(Reuters) - Clark Terry, a Grammy award-winning trumpet player and composer who recorded with greats such as Billie Holiday, Ella Fitzgerald and Quincy Jones, has died aged 94, his wife said on Sunday.
Terry, who had gone into hospice care after suffering from diabetes, “has joined the big band in heaven where he’ll be singing and playing with the angels”, Gwen Terry said on the musician’s Facebook page.
“He left us peacefully, surrounded by his family, students and friends.”
Born in St. Louis, Missouri, Terry won fame after serving several years in the navy, playing with Count Basie and Duke Ellington from the late 1940s through the 1950s, before joining The Tonight Show band, where he played under its famed bandleader Doc Severinsen.
According to his website, Terry is one of the most recorded musicians in the history of jazz, with more than 900 recordings with names such as Oscar Peterson, Dizzy Gillespie, Dinah Washington, Aretha Franklin, Ray Charles, Billy Strayhorn and Thelonious Monk.
Terry also headed up his own bands, including Clark Terry’s Big Bad Band and Clark Terry’s Young Titans of Jazz.
In 2010 Terry was presented a Lifetime Achievement Grammy award.
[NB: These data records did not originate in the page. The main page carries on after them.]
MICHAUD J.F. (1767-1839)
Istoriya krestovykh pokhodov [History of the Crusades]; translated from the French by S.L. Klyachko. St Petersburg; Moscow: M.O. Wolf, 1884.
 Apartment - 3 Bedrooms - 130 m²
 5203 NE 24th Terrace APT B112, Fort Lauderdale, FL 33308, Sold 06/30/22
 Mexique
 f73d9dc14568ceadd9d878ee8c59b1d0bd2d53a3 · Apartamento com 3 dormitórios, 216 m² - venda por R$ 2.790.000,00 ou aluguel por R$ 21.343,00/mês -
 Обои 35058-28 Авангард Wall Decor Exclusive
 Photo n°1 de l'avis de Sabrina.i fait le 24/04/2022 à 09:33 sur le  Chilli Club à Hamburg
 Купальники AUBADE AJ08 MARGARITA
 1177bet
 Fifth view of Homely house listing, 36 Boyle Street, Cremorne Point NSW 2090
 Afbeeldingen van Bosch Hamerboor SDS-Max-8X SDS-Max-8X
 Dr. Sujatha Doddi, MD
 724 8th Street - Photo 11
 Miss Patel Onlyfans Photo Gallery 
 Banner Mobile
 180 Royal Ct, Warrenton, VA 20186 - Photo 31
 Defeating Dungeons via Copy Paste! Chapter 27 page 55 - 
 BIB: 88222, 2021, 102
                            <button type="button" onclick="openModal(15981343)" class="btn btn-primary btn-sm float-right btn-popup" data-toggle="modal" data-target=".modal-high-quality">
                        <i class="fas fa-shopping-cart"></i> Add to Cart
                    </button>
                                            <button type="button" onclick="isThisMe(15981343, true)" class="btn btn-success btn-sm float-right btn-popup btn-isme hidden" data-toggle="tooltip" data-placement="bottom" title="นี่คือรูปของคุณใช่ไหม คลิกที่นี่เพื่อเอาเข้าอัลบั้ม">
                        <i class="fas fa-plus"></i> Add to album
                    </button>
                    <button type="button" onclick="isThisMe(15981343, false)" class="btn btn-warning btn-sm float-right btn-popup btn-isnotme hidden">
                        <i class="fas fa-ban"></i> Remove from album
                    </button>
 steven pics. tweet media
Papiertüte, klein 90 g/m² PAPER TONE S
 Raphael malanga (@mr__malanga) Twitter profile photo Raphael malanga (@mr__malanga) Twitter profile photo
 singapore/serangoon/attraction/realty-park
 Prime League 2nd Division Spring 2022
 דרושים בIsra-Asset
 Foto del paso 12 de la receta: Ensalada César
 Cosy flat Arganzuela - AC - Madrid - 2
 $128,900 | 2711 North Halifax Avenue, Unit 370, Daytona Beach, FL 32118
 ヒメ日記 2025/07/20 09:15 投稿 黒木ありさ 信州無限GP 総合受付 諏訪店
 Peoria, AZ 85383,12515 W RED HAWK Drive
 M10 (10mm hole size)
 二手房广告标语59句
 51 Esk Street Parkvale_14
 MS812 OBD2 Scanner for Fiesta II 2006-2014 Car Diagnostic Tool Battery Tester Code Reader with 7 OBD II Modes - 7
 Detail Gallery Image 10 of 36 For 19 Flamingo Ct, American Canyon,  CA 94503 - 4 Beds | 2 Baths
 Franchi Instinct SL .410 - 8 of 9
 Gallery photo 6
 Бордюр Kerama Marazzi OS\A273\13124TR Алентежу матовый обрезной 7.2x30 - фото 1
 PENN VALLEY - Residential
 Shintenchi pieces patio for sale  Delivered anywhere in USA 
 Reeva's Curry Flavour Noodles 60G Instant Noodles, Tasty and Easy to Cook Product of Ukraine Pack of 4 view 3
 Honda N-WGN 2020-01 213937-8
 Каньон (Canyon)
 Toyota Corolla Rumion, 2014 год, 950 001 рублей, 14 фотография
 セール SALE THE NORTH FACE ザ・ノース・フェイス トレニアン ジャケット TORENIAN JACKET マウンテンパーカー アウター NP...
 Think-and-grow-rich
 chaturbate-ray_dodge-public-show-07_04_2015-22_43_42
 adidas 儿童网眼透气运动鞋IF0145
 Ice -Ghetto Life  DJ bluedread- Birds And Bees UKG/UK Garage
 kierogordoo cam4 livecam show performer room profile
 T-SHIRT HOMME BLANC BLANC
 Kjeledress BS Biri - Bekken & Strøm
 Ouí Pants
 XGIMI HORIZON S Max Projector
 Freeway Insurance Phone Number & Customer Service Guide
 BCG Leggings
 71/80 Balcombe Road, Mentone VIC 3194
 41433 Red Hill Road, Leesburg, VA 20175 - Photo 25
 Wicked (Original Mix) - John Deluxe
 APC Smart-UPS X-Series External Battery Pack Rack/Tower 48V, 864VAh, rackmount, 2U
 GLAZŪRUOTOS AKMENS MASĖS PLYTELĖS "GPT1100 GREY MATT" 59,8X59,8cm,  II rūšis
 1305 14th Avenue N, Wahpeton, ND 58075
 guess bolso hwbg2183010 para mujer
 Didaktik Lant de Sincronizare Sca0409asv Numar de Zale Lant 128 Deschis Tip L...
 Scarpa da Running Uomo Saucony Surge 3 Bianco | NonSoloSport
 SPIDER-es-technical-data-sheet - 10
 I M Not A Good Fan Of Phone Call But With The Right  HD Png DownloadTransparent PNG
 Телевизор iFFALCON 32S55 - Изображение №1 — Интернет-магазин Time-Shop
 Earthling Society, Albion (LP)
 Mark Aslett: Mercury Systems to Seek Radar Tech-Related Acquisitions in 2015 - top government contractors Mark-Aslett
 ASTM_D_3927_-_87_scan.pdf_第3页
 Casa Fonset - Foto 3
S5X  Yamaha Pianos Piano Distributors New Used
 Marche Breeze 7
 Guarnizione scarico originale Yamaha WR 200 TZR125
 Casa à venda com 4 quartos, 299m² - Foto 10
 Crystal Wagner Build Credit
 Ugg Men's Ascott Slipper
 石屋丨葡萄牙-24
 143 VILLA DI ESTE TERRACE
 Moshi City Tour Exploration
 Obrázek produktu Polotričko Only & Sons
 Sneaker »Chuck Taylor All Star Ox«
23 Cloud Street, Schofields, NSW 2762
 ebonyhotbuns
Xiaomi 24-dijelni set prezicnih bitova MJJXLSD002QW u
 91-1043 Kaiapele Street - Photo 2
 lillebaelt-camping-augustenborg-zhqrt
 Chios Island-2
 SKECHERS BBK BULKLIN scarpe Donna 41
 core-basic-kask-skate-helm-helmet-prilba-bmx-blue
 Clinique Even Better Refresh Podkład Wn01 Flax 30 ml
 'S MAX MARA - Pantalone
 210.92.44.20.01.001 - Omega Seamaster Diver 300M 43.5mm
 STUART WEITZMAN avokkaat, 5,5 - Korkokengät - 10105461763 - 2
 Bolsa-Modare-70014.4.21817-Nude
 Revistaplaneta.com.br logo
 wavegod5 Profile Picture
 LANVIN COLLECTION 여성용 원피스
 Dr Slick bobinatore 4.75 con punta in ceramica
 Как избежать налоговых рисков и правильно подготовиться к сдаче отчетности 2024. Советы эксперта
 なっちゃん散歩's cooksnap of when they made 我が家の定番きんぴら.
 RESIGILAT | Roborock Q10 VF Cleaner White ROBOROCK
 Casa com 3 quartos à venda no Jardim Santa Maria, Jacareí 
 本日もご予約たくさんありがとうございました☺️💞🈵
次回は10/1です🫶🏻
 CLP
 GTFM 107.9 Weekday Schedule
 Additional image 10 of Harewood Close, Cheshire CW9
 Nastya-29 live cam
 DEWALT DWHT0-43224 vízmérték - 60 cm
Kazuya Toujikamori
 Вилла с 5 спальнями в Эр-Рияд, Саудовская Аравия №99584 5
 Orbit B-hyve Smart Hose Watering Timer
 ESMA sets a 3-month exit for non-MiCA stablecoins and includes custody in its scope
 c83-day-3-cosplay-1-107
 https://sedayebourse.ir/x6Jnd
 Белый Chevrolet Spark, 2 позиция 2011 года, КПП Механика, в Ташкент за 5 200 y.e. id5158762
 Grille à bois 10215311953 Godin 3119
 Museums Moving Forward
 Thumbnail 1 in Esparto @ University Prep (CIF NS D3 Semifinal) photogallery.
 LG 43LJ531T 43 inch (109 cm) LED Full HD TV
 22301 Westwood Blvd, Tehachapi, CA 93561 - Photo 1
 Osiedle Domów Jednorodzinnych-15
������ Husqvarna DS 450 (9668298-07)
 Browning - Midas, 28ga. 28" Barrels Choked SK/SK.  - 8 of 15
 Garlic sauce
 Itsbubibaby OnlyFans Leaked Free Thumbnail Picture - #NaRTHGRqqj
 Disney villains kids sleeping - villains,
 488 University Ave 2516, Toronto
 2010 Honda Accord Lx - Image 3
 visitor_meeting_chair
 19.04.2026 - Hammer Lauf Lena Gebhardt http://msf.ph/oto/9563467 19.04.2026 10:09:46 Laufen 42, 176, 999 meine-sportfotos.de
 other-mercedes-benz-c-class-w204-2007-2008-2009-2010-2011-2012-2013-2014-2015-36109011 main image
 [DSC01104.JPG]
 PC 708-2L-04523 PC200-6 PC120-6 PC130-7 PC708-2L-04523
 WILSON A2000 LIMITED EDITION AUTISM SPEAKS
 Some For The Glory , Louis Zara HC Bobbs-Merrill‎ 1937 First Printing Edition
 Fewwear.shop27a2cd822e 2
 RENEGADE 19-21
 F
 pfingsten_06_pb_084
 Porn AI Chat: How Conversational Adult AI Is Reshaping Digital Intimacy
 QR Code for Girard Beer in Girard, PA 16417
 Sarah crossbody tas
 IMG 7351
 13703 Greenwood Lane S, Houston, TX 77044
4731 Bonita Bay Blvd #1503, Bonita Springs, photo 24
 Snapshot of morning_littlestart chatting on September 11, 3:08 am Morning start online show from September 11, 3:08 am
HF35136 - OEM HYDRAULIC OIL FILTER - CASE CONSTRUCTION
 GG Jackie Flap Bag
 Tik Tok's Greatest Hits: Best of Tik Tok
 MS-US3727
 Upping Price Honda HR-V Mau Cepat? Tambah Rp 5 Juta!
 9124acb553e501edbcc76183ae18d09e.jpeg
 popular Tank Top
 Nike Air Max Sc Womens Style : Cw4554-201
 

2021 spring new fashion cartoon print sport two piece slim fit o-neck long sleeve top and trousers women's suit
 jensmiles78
He was also nominated for Grammys, the music industry’s top honor, three times.
Among many other honors, the French and Austrian governments presented Terry their Arts and Letters Awards, and he was knighted in Germany.
In his later years, Terry directed his attention toward music education.
Terry published his autobiography, “Clark: The Autobiography of Clark Terry”, in 2011.